[Scraped caption text data]
[Start of section]

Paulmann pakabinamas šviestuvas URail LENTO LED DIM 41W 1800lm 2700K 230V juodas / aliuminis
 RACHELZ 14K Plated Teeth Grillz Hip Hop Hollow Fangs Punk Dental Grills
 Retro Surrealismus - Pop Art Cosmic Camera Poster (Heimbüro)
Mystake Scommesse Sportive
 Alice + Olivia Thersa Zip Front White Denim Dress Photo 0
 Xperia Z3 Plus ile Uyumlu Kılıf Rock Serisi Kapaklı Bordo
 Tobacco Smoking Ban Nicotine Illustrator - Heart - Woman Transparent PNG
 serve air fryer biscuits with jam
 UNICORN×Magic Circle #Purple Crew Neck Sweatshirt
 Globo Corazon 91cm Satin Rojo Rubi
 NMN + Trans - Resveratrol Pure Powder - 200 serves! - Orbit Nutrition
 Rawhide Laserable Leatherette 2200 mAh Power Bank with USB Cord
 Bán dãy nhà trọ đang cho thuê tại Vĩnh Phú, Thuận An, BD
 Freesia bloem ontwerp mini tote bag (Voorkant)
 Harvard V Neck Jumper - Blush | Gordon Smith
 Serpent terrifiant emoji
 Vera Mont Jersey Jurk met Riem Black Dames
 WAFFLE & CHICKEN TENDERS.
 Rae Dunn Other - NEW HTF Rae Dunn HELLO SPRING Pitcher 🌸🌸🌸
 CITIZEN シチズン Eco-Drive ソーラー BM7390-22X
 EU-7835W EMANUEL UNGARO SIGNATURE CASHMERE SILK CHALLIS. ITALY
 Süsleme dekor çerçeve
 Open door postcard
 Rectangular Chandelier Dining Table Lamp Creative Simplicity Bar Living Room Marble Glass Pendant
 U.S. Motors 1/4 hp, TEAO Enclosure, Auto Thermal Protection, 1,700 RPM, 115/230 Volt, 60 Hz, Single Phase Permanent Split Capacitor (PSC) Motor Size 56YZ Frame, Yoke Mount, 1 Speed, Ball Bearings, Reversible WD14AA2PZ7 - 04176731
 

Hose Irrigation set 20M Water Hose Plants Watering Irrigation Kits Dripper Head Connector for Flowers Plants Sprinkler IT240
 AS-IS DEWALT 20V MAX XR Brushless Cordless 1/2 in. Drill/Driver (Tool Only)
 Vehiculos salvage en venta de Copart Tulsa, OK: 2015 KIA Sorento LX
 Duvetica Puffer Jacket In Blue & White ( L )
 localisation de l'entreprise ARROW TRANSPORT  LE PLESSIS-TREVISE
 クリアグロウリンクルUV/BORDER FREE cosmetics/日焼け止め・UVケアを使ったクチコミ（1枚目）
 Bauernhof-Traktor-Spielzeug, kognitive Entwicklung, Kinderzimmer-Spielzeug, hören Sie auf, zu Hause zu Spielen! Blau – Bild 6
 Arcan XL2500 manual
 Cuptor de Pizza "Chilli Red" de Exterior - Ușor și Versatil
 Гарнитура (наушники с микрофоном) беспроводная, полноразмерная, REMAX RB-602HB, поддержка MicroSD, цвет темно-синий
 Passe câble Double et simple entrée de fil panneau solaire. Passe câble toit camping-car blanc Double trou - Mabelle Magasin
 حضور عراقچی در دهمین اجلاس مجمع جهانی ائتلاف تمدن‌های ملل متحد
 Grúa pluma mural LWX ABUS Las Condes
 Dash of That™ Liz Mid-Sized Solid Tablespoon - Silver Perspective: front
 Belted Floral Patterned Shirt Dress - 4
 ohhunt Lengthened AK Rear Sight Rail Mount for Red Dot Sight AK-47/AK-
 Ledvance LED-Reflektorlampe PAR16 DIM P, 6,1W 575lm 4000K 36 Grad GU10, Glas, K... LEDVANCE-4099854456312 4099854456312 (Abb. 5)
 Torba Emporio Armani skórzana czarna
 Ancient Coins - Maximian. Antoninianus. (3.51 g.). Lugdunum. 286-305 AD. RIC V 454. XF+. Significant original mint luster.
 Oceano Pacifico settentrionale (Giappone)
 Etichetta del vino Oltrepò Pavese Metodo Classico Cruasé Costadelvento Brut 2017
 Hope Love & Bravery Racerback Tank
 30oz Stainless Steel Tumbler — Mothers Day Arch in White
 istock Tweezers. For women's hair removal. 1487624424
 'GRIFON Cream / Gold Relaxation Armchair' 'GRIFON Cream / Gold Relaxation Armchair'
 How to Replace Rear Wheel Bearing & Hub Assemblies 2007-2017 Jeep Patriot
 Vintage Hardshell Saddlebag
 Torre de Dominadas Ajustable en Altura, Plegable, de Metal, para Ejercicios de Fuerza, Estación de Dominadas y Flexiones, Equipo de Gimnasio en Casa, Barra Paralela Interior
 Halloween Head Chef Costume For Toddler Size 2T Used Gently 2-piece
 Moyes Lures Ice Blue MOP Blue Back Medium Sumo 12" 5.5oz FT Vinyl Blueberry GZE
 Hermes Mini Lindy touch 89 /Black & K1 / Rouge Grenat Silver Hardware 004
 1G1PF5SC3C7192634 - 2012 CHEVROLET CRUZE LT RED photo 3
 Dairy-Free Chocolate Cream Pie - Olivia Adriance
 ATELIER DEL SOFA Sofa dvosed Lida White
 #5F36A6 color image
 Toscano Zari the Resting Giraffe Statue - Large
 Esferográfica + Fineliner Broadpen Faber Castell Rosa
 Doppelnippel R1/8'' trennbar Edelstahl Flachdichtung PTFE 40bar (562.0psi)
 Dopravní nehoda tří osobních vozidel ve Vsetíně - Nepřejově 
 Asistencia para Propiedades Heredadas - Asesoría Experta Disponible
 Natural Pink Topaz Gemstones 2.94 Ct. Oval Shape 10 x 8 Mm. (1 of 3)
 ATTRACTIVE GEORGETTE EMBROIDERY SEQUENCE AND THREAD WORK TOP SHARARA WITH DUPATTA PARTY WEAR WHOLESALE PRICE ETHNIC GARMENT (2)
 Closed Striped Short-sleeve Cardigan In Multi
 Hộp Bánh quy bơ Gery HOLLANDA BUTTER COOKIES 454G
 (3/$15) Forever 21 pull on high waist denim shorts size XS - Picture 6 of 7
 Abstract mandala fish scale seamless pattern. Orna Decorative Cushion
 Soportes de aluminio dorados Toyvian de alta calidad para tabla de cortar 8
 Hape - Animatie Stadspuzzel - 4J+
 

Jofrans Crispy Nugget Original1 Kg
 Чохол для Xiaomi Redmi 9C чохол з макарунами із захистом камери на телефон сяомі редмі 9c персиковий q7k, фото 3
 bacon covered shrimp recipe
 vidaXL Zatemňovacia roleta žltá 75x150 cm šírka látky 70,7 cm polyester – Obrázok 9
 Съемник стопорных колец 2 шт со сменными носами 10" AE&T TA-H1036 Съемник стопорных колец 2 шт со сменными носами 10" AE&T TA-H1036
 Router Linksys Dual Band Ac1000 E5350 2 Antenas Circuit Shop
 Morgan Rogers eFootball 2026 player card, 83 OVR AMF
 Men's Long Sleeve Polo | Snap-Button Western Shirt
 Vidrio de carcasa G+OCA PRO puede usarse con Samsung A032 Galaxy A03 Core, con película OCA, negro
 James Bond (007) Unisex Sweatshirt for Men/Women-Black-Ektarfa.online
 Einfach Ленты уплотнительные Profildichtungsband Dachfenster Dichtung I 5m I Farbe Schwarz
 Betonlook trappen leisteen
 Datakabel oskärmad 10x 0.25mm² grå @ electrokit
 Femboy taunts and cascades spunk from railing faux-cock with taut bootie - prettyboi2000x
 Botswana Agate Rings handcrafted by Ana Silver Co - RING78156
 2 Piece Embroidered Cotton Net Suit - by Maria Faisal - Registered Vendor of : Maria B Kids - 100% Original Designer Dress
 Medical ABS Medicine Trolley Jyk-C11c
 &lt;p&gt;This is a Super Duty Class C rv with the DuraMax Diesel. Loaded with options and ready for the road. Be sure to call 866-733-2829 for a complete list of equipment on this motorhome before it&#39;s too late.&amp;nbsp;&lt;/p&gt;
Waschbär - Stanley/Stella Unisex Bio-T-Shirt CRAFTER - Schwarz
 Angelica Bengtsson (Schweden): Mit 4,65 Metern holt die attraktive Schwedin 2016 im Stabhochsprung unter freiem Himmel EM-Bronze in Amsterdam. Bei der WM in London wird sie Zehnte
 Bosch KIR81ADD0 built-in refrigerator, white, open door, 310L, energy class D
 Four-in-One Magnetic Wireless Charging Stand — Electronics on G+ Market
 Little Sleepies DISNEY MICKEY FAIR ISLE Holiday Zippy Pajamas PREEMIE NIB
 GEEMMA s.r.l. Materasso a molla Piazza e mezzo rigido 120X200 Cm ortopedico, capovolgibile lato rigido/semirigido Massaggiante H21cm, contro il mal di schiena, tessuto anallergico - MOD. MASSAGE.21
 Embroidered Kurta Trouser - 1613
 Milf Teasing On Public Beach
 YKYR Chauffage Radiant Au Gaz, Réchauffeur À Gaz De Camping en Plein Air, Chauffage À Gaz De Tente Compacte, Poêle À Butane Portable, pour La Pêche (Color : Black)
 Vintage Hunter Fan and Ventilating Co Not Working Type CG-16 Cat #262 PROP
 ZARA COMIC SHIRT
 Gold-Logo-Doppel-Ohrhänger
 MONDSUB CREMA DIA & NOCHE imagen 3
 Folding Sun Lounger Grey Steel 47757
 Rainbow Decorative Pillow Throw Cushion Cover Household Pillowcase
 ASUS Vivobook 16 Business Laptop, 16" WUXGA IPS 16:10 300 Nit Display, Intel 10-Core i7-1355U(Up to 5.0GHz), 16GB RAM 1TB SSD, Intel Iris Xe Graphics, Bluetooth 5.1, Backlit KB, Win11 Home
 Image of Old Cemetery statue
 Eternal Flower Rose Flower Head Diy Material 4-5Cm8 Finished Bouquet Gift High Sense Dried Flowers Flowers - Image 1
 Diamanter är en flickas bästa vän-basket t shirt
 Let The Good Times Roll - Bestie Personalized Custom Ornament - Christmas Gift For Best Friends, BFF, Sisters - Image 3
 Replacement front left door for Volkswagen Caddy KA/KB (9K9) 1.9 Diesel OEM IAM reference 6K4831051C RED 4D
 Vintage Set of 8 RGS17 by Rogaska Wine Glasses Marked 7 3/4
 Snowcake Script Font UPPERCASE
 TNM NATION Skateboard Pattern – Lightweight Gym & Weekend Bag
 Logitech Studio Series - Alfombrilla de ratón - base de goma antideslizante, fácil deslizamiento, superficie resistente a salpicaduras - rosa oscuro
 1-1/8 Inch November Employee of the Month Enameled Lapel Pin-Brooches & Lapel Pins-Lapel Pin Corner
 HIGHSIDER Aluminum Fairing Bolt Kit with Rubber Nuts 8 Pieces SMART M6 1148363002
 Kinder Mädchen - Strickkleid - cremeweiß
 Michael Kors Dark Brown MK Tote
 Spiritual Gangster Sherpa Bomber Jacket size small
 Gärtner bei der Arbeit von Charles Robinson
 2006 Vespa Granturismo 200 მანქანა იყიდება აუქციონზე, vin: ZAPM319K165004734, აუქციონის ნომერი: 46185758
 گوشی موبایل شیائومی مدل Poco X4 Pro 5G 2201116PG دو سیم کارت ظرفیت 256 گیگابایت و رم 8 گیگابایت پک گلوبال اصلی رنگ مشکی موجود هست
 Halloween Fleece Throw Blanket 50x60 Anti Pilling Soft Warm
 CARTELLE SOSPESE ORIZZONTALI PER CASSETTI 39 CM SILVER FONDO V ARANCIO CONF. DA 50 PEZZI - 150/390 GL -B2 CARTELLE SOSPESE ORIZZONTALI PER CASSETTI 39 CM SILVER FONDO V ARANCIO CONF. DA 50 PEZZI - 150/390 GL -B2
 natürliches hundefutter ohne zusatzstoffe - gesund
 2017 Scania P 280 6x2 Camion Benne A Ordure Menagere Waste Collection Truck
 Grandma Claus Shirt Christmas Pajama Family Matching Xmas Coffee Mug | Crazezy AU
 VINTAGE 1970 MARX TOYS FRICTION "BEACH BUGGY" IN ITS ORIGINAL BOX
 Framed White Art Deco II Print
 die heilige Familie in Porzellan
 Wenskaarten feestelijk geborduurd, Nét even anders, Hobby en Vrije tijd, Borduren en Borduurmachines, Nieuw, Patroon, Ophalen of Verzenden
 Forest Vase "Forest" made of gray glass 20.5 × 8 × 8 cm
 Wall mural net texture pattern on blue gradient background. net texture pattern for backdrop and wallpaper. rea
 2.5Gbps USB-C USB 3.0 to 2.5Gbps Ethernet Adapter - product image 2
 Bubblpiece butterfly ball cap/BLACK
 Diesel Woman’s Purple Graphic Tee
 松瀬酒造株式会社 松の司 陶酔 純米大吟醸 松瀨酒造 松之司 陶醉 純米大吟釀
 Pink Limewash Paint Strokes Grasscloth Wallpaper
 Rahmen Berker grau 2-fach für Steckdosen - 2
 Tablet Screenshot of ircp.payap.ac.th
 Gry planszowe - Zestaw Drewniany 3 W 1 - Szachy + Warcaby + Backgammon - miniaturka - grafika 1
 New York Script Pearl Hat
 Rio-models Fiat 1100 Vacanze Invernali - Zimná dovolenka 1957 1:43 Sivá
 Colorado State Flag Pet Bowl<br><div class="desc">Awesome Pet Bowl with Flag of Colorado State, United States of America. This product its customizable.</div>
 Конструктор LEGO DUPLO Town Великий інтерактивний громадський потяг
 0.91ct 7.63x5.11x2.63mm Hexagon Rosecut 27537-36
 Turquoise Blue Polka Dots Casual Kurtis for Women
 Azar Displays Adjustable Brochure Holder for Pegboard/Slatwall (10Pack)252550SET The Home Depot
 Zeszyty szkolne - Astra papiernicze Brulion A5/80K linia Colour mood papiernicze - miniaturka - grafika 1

[End of section]

WHAT YOU WILL DO — What is needed is a verbatim copy of every line in the records above from the one containing "Hộp Bánh quy" down to the one containing "Botswana Agate Rings", both included, and nothing more.

TASK ANSWER —
 Hộp Bánh quy bơ Gery HOLLANDA BUTTER COOKIES 454G
 (3/$15) Forever 21 pull on high waist denim shorts size XS - Picture 6 of 7
 Abstract mandala fish scale seamless pattern. Orna Decorative Cushion
 Soportes de aluminio dorados Toyvian de alta calidad para tabla de cortar 8
 Hape - Animatie Stadspuzzel - 4J+
 

Jofrans Crispy Nugget Original1 Kg
 Чохол для Xiaomi Redmi 9C чохол з макарунами із захистом камери на телефон сяомі редмі 9c персиковий q7k, фото 3
 bacon covered shrimp recipe
 vidaXL Zatemňovacia roleta žltá 75x150 cm šírka látky 70,7 cm polyester – Obrázok 9
 Съемник стопорных колец 2 шт со сменными носами 10" AE&T TA-H1036 Съемник стопорных колец 2 шт со сменными носами 10" AE&T TA-H1036
 Router Linksys Dual Band Ac1000 E5350 2 Antenas Circuit Shop
 Morgan Rogers eFootball 2026 player card, 83 OVR AMF
 Men's Long Sleeve Polo | Snap-Button Western Shirt
 Vidrio de carcasa G+OCA PRO puede usarse con Samsung A032 Galaxy A03 Core, con película OCA, negro
 James Bond (007) Unisex Sweatshirt for Men/Women-Black-Ektarfa.online
 Einfach Ленты уплотнительные Profildichtungsband Dachfenster Dichtung I 5m I Farbe Schwarz
 Betonlook trappen leisteen
 Datakabel oskärmad 10x 0.25mm² grå @ electrokit
 Femboy taunts and cascades spunk from railing faux-cock with taut bootie - prettyboi2000x
 Botswana Agate Rings handcrafted by Ana Silver Co - RING78156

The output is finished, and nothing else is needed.